الملخص الإنجليزي
With the freedom offered by the Deep
Web, people have the opportunity to express
themselves freely and discretely, and sadly, this
is one of the reasons why people carryout illicit
activities there. In this work, a novel dataset for
DarkWeb active domains known as crawler DB is presented. To build the crawler-DB, The
Onion Routing network (Tor) was sampled,
and then a web crawler capable of crawling
into links was built. The link addresses that
are gathered by the crawler are then classified
automatically into five classes. The algorithm
built in this study demonstrated good
performance as it achieved an accuracy of 85%.
A popular text representation method was used
with the proposed crawler-DB crossed by two
different supervised classifiers to facilitate the
categorization of the Tor concealed services.

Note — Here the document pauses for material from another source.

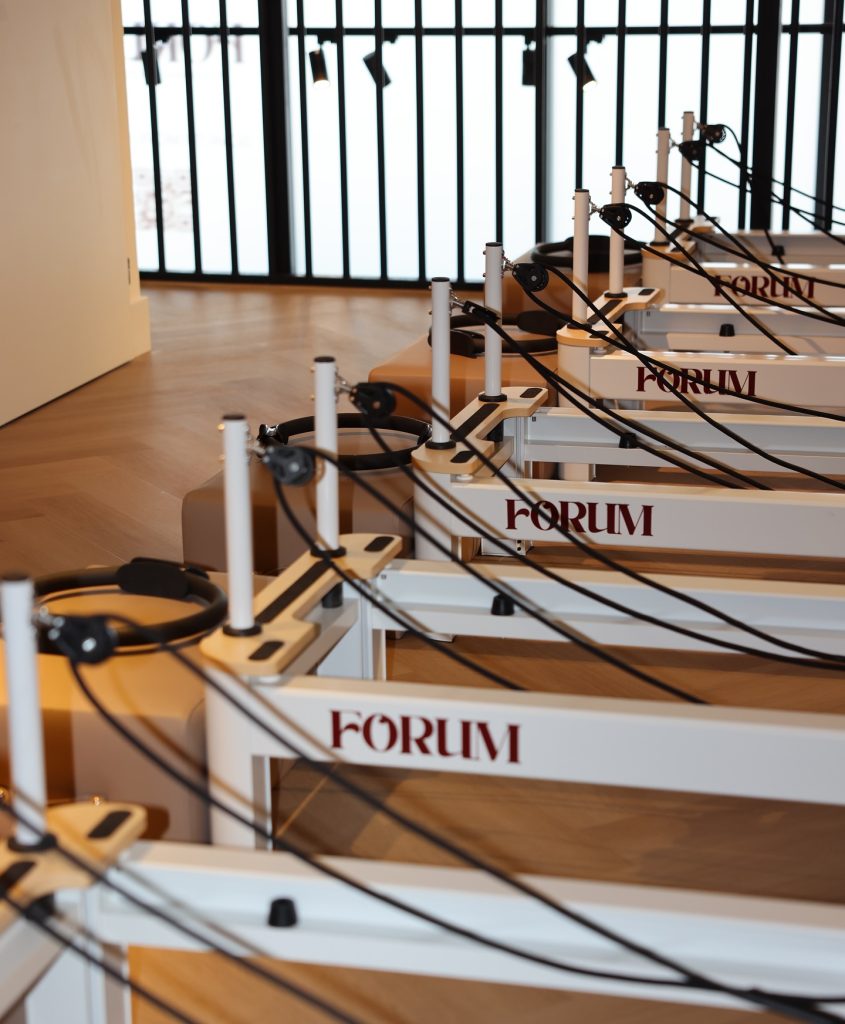 Row of FORUM reformers in the studio in Osdorp
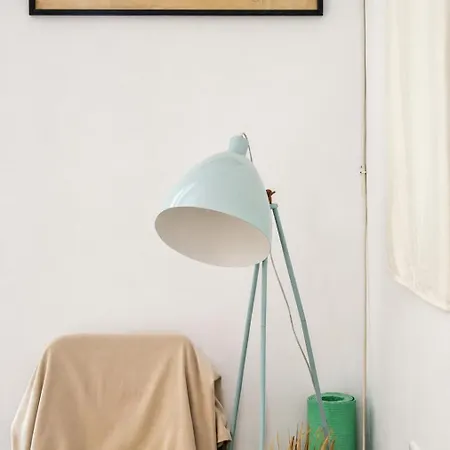 Midcentury Design With A View * 제노바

The results of the experiments conducted
in this study show that using the Term
Frequency-Inverse Document Frequency (TF IDF) words representation with linear support
vector classifier achieves 91% of 5 folds cross validation accuracy when classifying a subset
of illegal activities from crawler-DB, while
the accuracy of Naïve Bayes was 80.6%. The
good performance of the linear SVC might
support potential tools to help the authorities
in the detection of these activities. Moreover,
outcomes are expected to be significant for
both practical and theoretical aspects and they
may pave the way for further research.